## Work instruction:
When you come to the line with "[1165LF-CZ] GRIFO DE", begin repeating; continue exactly through the final line of the records and include nothing from before.

Data records
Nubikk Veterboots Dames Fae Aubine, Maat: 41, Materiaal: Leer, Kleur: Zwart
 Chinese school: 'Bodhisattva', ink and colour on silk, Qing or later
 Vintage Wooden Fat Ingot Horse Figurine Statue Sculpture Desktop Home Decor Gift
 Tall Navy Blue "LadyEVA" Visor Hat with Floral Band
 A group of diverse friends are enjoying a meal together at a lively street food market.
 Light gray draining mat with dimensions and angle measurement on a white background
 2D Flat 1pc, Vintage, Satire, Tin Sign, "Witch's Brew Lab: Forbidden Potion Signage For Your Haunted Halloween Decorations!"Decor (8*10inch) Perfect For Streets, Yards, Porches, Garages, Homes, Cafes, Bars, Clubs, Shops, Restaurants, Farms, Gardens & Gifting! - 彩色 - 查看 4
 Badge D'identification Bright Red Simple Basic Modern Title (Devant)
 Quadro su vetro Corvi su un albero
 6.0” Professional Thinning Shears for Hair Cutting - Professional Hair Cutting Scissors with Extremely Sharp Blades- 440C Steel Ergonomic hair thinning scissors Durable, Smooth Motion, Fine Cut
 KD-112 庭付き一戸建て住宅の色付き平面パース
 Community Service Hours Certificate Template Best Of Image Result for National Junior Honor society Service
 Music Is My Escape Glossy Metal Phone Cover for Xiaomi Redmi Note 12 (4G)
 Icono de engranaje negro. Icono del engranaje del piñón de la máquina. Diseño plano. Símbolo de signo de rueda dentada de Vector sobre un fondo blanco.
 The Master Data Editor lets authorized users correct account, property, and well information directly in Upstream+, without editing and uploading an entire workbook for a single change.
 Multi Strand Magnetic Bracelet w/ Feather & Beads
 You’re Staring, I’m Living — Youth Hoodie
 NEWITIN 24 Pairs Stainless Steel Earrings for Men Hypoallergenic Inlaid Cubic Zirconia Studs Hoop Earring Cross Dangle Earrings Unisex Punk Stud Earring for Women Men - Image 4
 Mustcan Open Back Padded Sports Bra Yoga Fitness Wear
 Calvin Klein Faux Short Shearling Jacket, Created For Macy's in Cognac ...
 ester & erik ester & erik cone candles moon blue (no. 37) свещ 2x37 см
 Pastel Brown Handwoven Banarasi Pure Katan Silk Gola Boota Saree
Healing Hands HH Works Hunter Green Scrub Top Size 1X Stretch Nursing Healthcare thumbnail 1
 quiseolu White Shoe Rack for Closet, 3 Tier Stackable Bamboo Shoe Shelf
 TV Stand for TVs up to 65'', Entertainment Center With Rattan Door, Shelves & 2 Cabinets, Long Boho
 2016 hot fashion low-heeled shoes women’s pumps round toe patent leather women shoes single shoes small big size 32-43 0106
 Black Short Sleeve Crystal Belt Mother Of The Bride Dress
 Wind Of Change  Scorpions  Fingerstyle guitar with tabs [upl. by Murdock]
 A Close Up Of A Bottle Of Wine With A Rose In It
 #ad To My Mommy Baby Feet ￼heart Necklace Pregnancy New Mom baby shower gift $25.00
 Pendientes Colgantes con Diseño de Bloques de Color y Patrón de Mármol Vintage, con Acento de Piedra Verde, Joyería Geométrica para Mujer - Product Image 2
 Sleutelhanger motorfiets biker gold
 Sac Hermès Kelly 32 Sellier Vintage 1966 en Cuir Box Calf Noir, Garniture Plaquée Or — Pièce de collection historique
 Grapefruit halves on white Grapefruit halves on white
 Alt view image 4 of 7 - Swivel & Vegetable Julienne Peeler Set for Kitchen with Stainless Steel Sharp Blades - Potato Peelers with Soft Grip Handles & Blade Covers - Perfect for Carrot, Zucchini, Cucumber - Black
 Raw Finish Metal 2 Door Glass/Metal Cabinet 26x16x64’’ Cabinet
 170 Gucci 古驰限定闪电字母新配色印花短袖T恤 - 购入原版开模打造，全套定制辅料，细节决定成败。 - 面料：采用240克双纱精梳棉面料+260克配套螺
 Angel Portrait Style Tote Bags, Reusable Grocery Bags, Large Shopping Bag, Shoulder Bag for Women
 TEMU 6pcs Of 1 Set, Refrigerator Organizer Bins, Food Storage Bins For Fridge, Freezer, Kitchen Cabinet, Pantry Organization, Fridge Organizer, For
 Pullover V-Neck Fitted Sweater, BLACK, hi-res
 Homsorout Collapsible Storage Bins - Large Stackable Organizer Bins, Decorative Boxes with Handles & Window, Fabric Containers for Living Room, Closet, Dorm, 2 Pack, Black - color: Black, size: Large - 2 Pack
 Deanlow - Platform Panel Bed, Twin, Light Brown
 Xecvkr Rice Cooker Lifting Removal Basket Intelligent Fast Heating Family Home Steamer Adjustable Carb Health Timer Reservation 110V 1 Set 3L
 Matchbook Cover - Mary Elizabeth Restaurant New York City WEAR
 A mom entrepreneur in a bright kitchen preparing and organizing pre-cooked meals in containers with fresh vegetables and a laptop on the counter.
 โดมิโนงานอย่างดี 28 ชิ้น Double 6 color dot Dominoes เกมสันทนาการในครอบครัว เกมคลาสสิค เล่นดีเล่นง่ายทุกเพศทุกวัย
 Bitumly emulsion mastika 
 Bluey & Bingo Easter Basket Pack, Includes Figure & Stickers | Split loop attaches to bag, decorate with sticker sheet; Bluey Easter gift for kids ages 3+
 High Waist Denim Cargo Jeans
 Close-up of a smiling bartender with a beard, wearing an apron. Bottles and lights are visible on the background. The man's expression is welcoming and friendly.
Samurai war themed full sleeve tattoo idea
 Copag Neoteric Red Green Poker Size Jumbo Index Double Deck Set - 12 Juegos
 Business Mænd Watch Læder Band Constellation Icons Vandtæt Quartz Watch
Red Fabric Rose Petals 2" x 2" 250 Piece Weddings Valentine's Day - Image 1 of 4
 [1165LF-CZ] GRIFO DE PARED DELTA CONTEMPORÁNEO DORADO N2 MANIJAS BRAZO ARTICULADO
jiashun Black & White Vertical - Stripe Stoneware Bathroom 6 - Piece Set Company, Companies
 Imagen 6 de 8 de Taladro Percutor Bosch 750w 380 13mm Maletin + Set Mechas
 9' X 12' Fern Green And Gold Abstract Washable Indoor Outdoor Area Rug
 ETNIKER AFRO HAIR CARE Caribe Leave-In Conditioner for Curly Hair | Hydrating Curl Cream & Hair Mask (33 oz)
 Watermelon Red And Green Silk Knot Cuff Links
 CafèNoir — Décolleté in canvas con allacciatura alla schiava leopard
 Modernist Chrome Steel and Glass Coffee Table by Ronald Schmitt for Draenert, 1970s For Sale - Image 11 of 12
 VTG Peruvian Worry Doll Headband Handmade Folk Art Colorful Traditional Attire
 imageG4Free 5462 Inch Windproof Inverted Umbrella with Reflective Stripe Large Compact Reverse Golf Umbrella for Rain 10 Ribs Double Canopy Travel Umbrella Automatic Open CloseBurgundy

## The completed task:
 [1165LF-CZ] GRIFO DE PARED DELTA CONTEMPORÁNEO DORADO N2 MANIJAS BRAZO ARTICULADO
jiashun Black & White Vertical - Stripe Stoneware Bathroom 6 - Piece Set Company, Companies
 Imagen 6 de 8 de Taladro Percutor Bosch 750w 380 13mm Maletin + Set Mechas
 9' X 12' Fern Green And Gold Abstract Washable Indoor Outdoor Area Rug
 ETNIKER AFRO HAIR CARE Caribe Leave-In Conditioner for Curly Hair | Hydrating Curl Cream & Hair Mask (33 oz)
 Watermelon Red And Green Silk Knot Cuff Links
 CafèNoir — Décolleté in canvas con allacciatura alla schiava leopard
 Modernist Chrome Steel and Glass Coffee Table by Ronald Schmitt for Draenert, 1970s For Sale - Image 11 of 12
 VTG Peruvian Worry Doll Headband Handmade Folk Art Colorful Traditional Attire
 imageG4Free 5462 Inch Windproof Inverted Umbrella with Reflective Stripe Large Compact Reverse Golf Umbrella for Rain 10 Ribs Double Canopy Travel Umbrella Automatic Open CloseBurgundy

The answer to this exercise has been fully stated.